I feel for the client who gets lost in work stoppages. They’re already under stress on a daily basis from things they can’t always control. Be it landlord problems, mental or physical health issues, addictions, unemployment barriers, they really don’t need a breakdown between a union and an employer to further add to their anxiety. These people come to our resource centre because they can get guidance, advice, help and many have no other social supports in place. We’ve got our regulars need computer access because they can’t even get a library card to use computers there, and if they do use them, they have to pay for anything they print. And if they need some job coaching to work through problems, they’d be out of luck.

What I find sad too is the divisiveness that these strikes cause. Like any issue, some people come down on one side and in this case want to walk out, and others fall on the other and want to accept an offer and keep working. While the right to feel one way or the other is generally accepted among most, the right to continue working through a strike is not accepted. It sure would weaken the bargaining power of those outside on a sidewalk if some of their colleagues were inside working and getting paid their regular wages for doing so. So it’s natural that it’s frowned upon. Cross a line (even it were allowed by the employer in which in many cases it is not) and you’ll be marked by many of your co-workers, called names, maybe have your property damaged, be shunned, and that has led some in other situations to take extended time off for mental health reasons or quit.

While our differences are what we often hold as being good in each other, it is those differences that also cause us to shake our heads and wonder why others don’t see things like we do. If we think an offer is good, why can’t everyone see it as being good? If we see an offer as being poor, why can’t everyone see it as being poor? Intimidating others, issuing threats, making disparaging remarks isn’t helpful, but people do it at times. When the stakes are high, people say and do things they’d generally not, usually out of desperation, anger, stress and fear. It’s not something I approve of, but I can understand the expression people make arising from emotions.

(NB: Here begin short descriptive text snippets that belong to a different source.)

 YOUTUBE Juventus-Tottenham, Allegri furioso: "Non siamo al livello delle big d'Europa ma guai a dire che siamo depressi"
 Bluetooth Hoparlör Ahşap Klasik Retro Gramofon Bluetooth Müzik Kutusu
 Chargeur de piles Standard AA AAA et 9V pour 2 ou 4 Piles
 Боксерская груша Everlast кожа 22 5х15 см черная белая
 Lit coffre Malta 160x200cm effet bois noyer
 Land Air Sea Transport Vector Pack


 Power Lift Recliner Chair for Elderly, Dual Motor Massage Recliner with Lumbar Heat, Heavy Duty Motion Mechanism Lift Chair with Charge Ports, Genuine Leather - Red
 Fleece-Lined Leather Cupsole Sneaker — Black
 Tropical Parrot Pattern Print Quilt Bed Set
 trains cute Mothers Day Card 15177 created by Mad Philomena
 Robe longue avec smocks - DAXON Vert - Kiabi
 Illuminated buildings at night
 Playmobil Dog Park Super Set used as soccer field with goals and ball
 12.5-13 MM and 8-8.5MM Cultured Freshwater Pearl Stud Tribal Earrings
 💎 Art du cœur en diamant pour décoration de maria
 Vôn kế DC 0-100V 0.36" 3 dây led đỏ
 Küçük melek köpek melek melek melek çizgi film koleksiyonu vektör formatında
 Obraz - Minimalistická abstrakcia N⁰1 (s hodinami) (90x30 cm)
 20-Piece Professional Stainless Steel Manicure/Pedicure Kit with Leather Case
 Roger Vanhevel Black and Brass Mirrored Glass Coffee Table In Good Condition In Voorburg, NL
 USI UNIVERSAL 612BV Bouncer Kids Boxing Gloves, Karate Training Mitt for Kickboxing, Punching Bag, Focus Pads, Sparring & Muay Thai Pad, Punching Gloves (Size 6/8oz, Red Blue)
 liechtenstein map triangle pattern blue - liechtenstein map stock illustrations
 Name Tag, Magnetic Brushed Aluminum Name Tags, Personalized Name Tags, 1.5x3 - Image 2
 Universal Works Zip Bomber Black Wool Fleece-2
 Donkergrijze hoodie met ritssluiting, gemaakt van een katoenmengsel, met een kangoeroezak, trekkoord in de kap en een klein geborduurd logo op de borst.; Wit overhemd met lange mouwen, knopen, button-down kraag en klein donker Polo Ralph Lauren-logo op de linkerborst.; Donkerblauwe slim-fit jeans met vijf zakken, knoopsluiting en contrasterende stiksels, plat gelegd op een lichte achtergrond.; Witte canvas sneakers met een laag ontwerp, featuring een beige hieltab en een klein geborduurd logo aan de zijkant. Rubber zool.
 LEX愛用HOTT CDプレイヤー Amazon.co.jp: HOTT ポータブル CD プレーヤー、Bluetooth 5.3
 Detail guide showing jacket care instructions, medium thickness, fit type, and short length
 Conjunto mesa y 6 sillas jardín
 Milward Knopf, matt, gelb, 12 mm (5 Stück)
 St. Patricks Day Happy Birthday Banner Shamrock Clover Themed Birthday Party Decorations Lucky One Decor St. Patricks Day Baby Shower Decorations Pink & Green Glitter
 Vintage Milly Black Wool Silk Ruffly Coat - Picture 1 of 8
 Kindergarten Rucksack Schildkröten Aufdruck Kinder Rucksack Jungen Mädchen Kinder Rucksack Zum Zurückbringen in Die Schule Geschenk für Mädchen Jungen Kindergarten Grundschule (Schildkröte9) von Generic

I made a decision today that as going into work normally is not an option, I have opted not to stand on a picket line looking like I support a position I don’t. Instead, I’m remaining at home, where I’ll be revising some resumes for other people without receiving or asking for compensation. It’s a sunny day, and I’ll complete them outside where I can actually enjoy the weather but do the work I enjoy doing on my own time.

Factoring in the price of gas, a distance of 105 kilometers to work, and being asked to stand on a line from 9:00 a.m. until 5:00 p.m. to show solidarity and displeasure isn’t a choice I’m prepared to make this day. While many on the lines will be there in earnest, others will be there because they must have the strike pay that goes with it and are conflicted in their decision to walk the line.

Who wins in a work stoppage? That’s a discussion of great debate. No one I know however, likes the tension of an impending work stoppage. My advice? Stay out of the mud-slinging and pray the whole thing is short-lived and comes to a quick resolution. We all have to work together when it’s over.

Following My Own Advice And Having Fun

Today might be my last day of paid work for awhile. My co-workers and I are part of a union of employees who collectively are in a situation where our bargaining committee has issued a work stoppage that would take effect at 6:00 a.m. tomorrow.

Now I’m not going to get into the issues here and talk about that process because I don’t think that would be wise or profitable for any reader out there. Suffice to say however that the stress of a work stoppage and the loss of income that comes with it are affecting everyone. There’s an edge in the workplace.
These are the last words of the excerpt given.